**Task requirements:** An exact transcript of every entry is required, without any of the pictures.

Source data

______

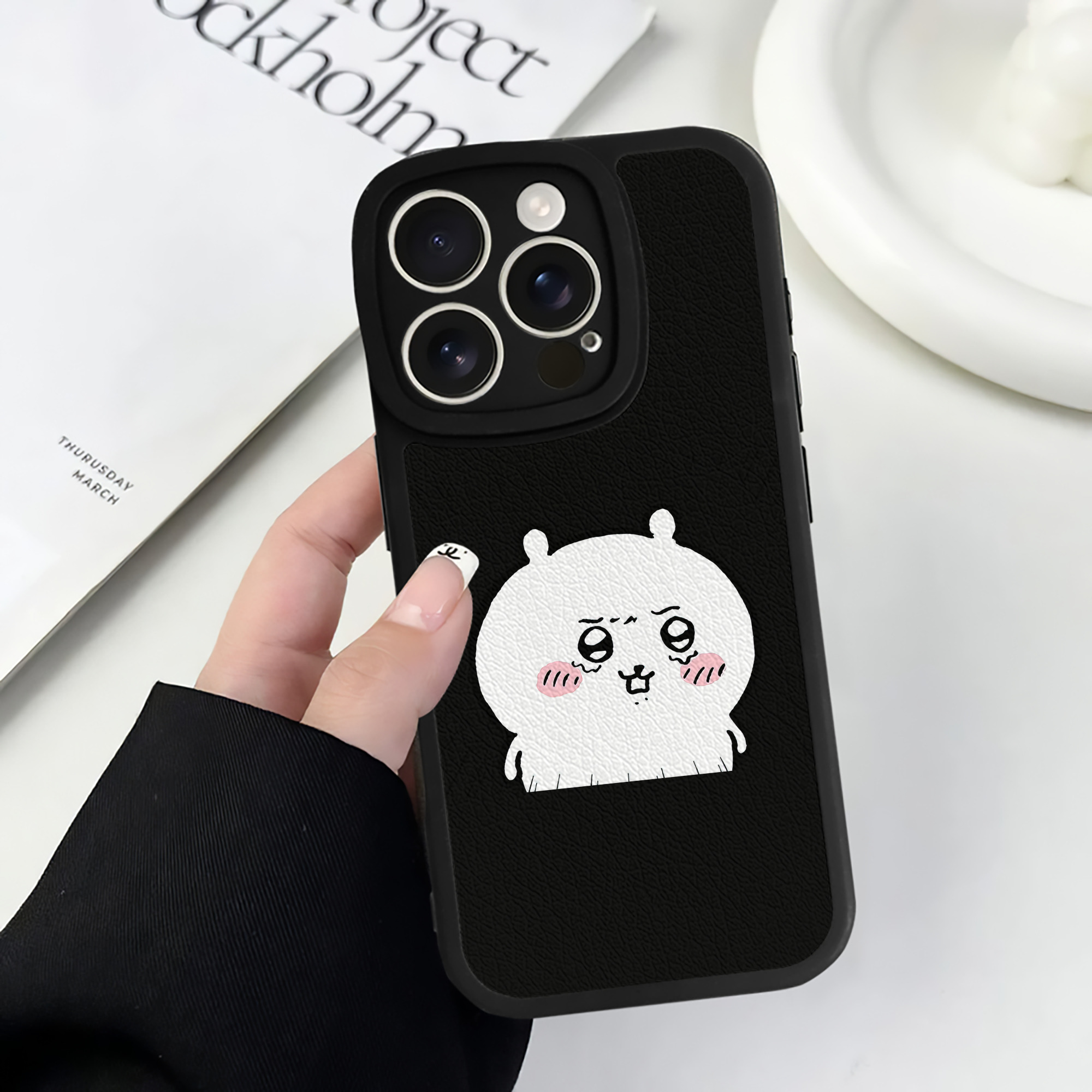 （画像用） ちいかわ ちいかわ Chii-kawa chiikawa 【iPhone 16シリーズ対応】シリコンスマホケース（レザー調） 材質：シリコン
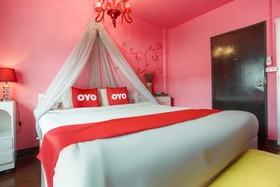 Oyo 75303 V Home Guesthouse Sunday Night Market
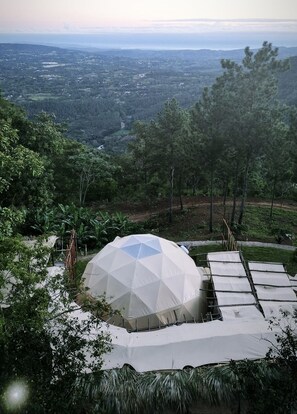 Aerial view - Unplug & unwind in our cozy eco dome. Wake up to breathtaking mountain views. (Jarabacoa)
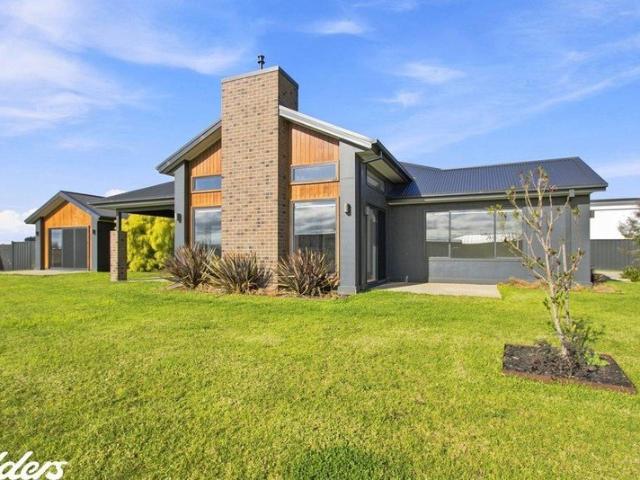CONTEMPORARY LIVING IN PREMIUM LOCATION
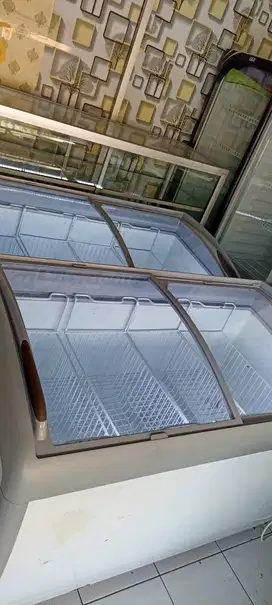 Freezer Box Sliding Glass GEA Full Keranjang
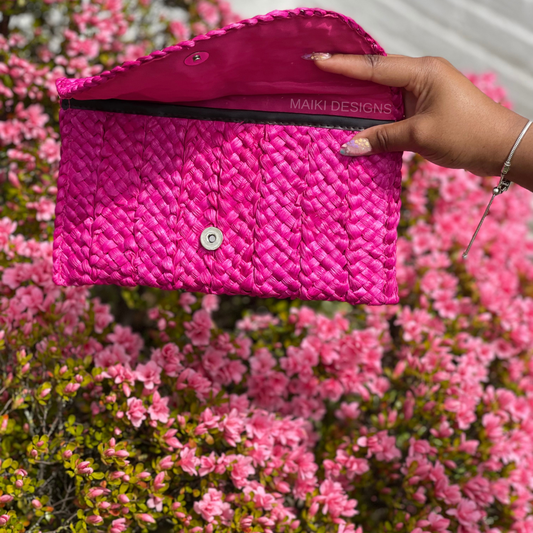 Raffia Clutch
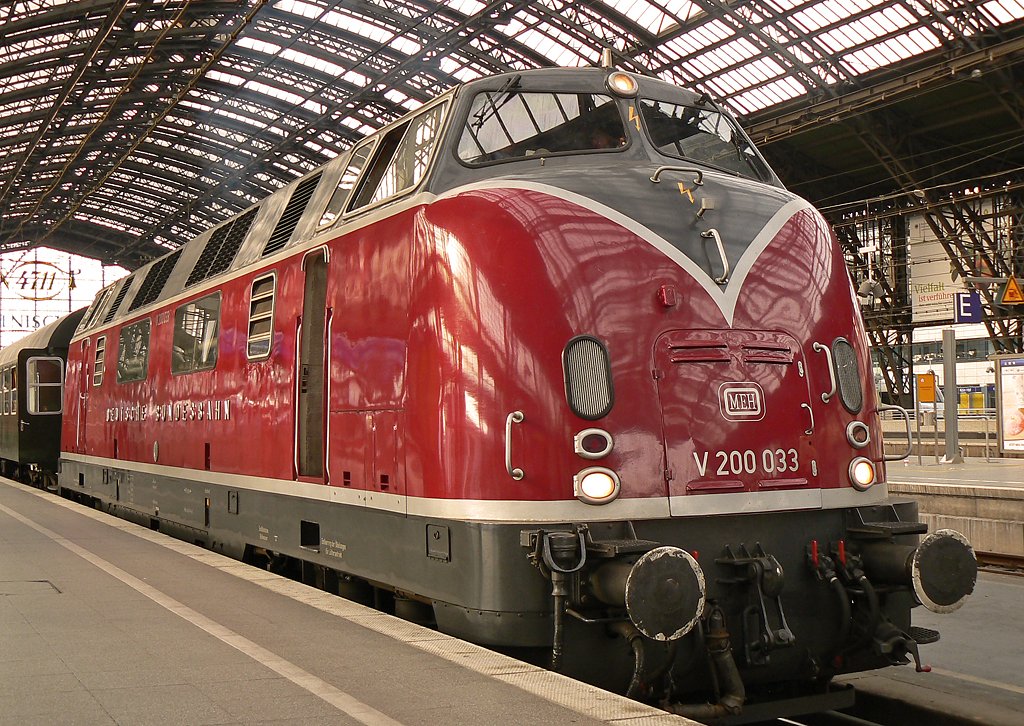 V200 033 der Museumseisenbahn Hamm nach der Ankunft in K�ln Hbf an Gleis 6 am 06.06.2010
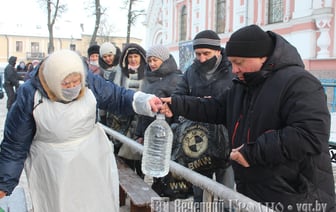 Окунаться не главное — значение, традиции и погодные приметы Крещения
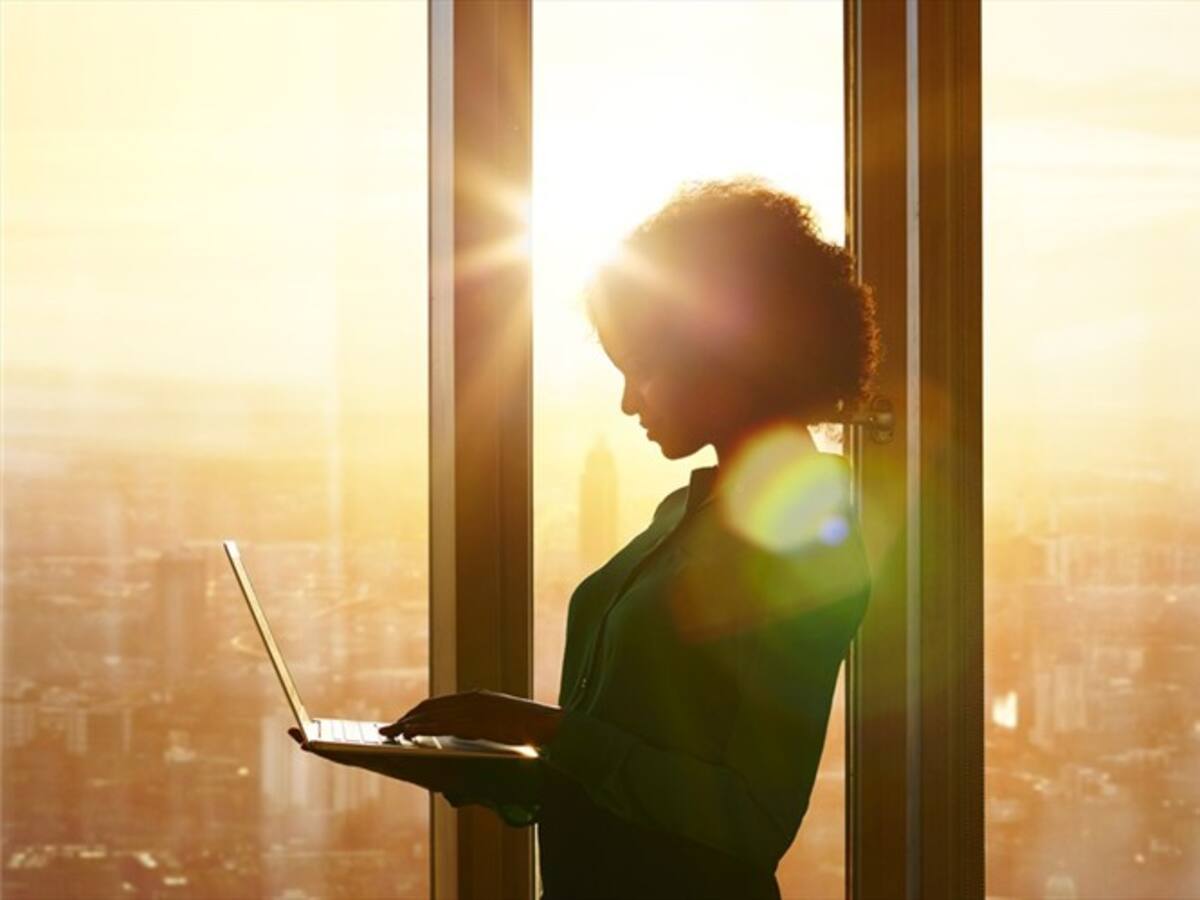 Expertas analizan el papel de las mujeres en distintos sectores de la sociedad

______

**Output of the task:**
 （画像用） ちいかわ ちいかわ Chii-kawa chiikawa 【iPhone 16シリーズ対応】シリコンスマホケース（レザー調） 材質：シリコン
 Oyo 75303 V Home Guesthouse Sunday Night Market
 Aerial view - Unplug & unwind in our cozy eco dome. Wake up to breathtaking mountain views. (Jarabacoa)
CONTEMPORARY LIVING IN PREMIUM LOCATION
 Freezer Box Sliding Glass GEA Full Keranjang
 Raffia Clutch
 V200 033 der Museumseisenbahn Hamm nach der Ankunft in K�ln Hbf an Gleis 6 am 06.06.2010
 Окунаться не главное — значение, традиции и погодные приметы Крещения
 Expertas analizan el papel de las mujeres en distintos sectores de la sociedad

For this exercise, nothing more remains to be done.